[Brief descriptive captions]
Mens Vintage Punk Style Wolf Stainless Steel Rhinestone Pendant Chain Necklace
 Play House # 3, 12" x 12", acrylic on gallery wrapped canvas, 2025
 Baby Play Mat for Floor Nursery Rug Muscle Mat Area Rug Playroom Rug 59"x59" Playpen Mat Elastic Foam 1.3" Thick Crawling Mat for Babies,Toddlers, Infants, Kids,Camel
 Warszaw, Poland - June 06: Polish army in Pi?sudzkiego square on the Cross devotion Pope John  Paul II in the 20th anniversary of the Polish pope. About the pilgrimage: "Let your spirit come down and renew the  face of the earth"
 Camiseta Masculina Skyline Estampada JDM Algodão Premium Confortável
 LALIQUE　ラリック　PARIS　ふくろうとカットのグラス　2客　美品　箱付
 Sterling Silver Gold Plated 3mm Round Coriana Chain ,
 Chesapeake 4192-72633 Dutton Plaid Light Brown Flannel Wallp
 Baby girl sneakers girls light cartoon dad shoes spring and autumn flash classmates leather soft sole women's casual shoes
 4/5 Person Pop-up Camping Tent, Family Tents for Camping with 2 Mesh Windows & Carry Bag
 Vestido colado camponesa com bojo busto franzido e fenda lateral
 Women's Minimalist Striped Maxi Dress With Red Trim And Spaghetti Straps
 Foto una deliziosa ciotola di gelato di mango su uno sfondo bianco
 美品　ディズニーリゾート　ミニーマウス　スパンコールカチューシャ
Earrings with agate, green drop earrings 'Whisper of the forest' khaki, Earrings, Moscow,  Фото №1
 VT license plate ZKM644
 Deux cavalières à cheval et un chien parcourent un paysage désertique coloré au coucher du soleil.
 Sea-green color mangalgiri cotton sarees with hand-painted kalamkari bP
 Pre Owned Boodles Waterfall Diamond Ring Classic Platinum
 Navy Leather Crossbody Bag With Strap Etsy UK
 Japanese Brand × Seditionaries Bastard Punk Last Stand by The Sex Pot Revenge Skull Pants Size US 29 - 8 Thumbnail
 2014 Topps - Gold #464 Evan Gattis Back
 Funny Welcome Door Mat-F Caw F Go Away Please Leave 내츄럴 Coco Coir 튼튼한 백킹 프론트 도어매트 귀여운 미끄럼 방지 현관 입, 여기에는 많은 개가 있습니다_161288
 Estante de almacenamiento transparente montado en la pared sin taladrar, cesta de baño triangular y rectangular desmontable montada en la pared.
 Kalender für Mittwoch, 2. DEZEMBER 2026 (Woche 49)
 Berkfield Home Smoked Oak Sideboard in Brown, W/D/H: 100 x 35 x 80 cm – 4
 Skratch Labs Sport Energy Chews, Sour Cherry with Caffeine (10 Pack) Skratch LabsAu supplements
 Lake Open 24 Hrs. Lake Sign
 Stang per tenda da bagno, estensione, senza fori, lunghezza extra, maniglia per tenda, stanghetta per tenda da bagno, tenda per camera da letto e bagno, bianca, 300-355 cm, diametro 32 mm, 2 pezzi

**Your task**
All lines holding the word "Baby" must be copied from the data.

**Exercise output**
 Baby Play Mat for Floor Nursery Rug Muscle Mat Area Rug Playroom Rug 59"x59" Playpen Mat Elastic Foam 1.3" Thick Crawling Mat for Babies,Toddlers, Infants, Kids,Camel
 Baby girl sneakers girls light cartoon dad shoes spring and autumn flash classmates leather soft sole women's casual shoes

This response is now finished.